▶ [Problem description] Pictures left aside, return the lines below exactly, from the one with "DOBE Multifunctional Charging" to the end, including both ends.

▶ [Stored dataset items]

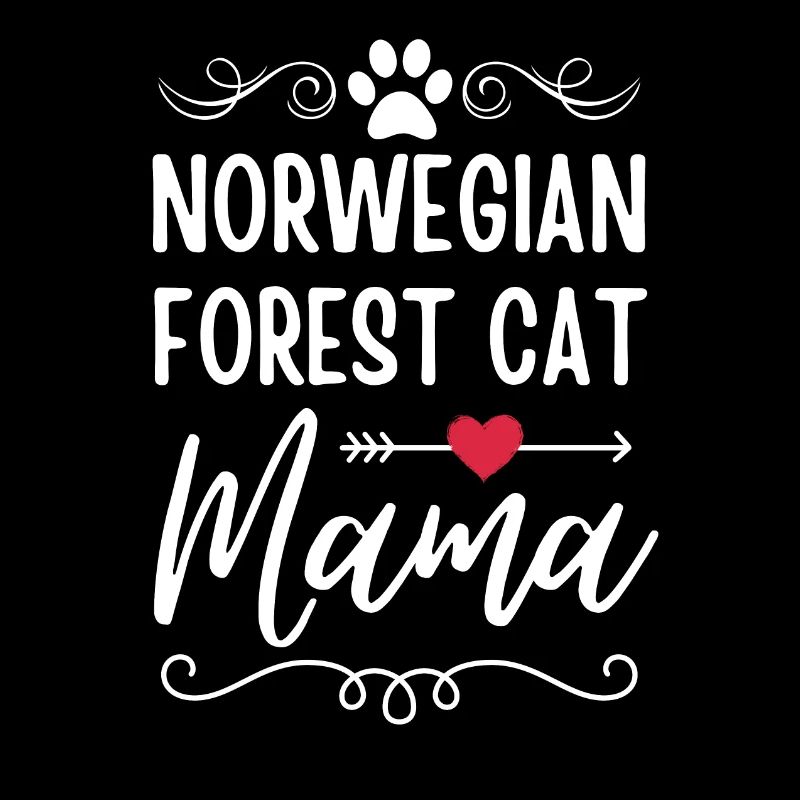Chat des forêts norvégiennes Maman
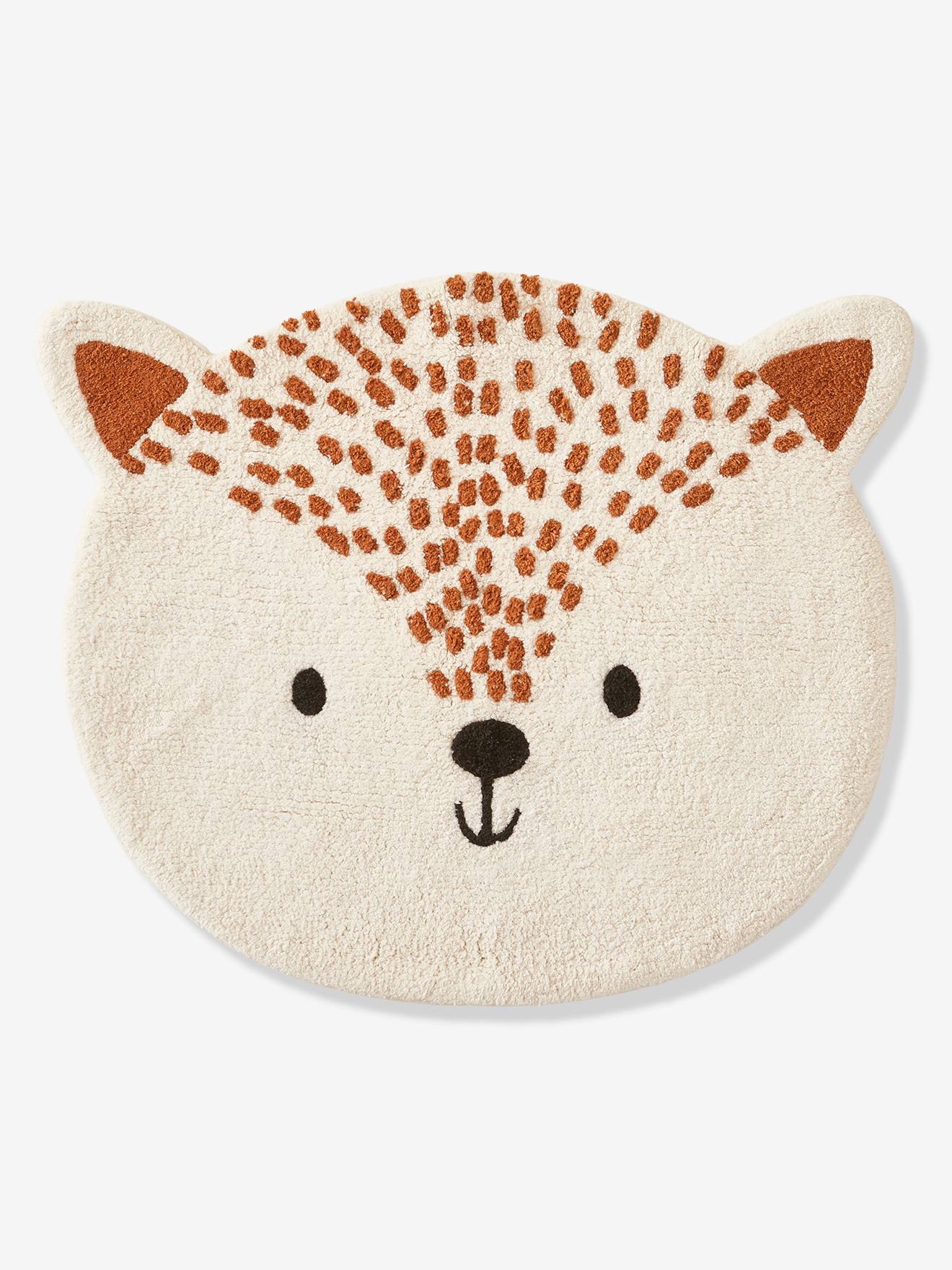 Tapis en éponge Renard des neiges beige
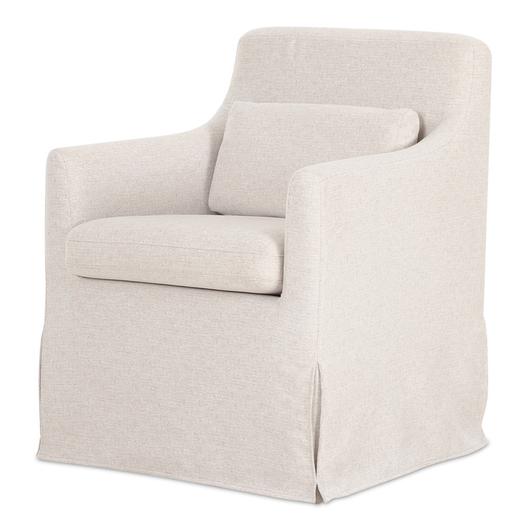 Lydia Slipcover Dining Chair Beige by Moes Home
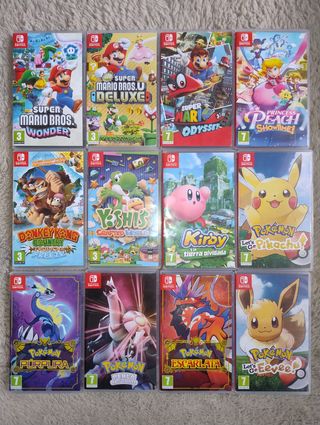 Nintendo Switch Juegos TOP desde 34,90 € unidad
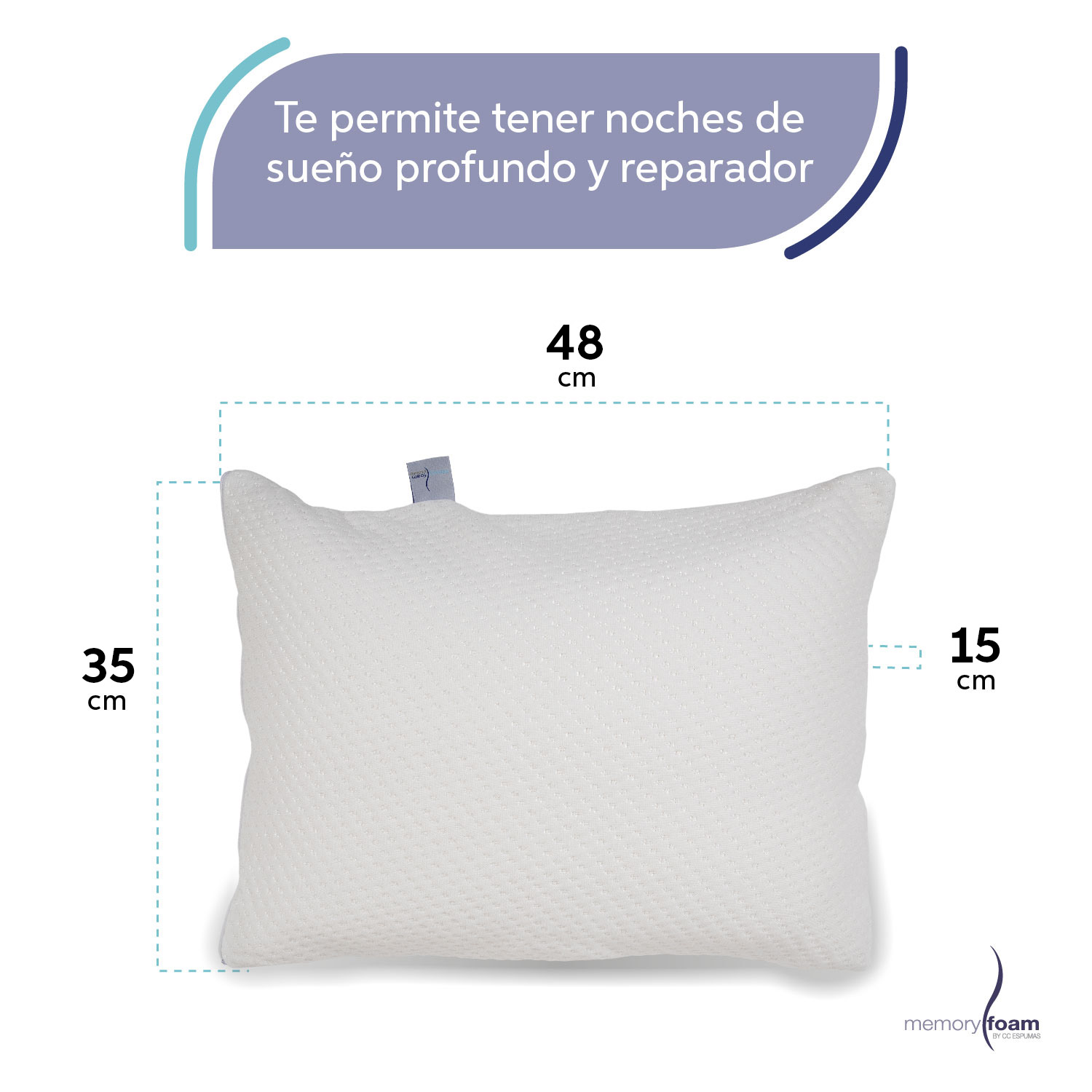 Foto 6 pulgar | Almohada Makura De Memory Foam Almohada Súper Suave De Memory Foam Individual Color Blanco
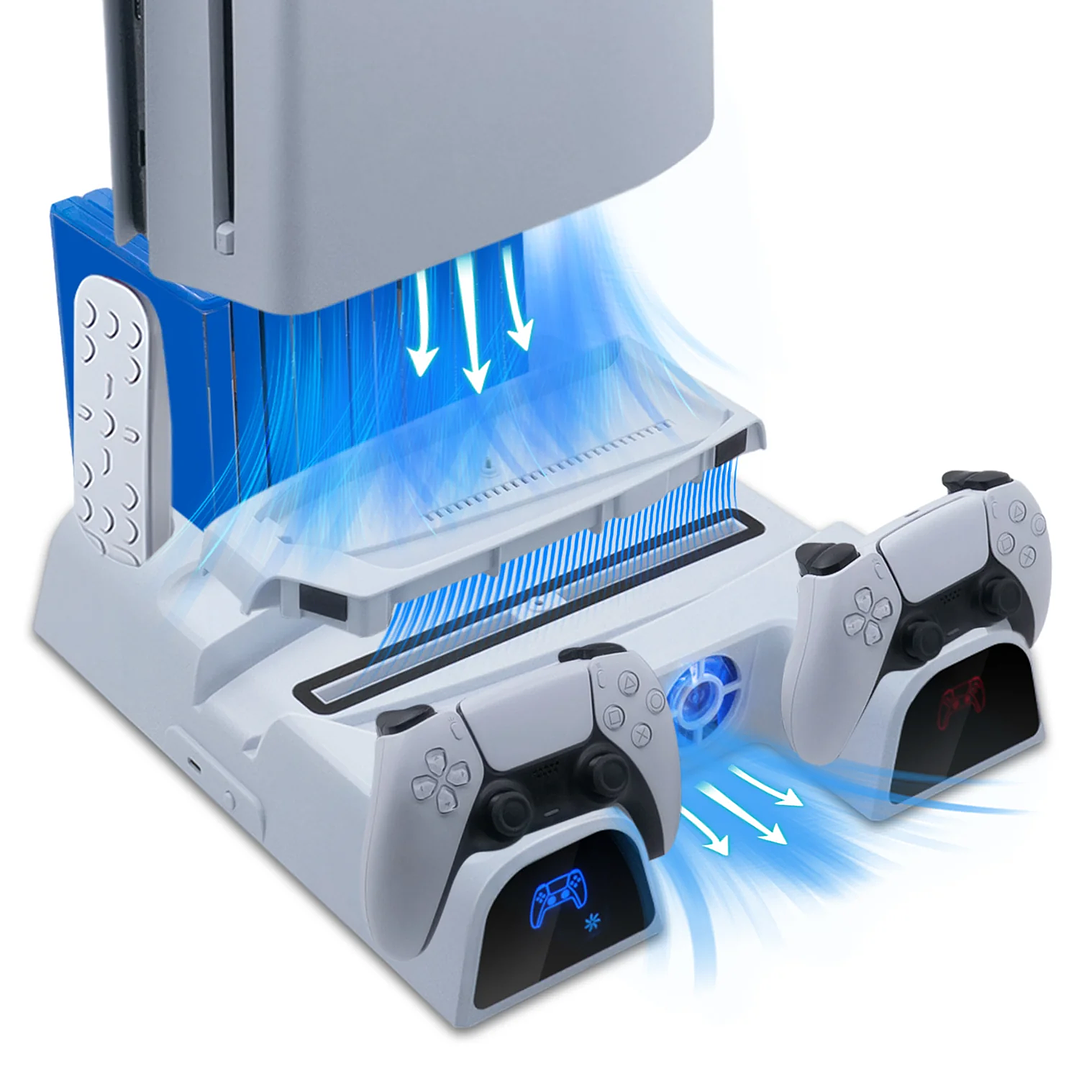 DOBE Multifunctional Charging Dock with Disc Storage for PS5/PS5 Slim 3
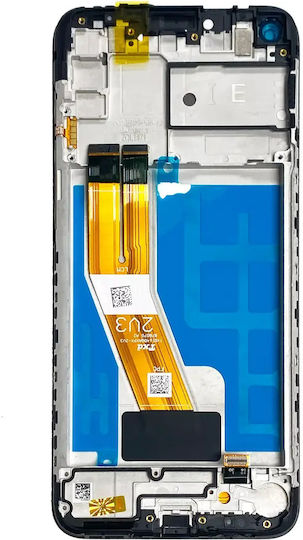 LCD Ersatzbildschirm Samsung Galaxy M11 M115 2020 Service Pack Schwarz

▶ [Reply to the exercise]
 DOBE Multifunctional Charging Dock with Disc Storage for PS5/PS5 Slim 3
 LCD Ersatzbildschirm Samsung Galaxy M11 M115 2020 Service Pack Schwarz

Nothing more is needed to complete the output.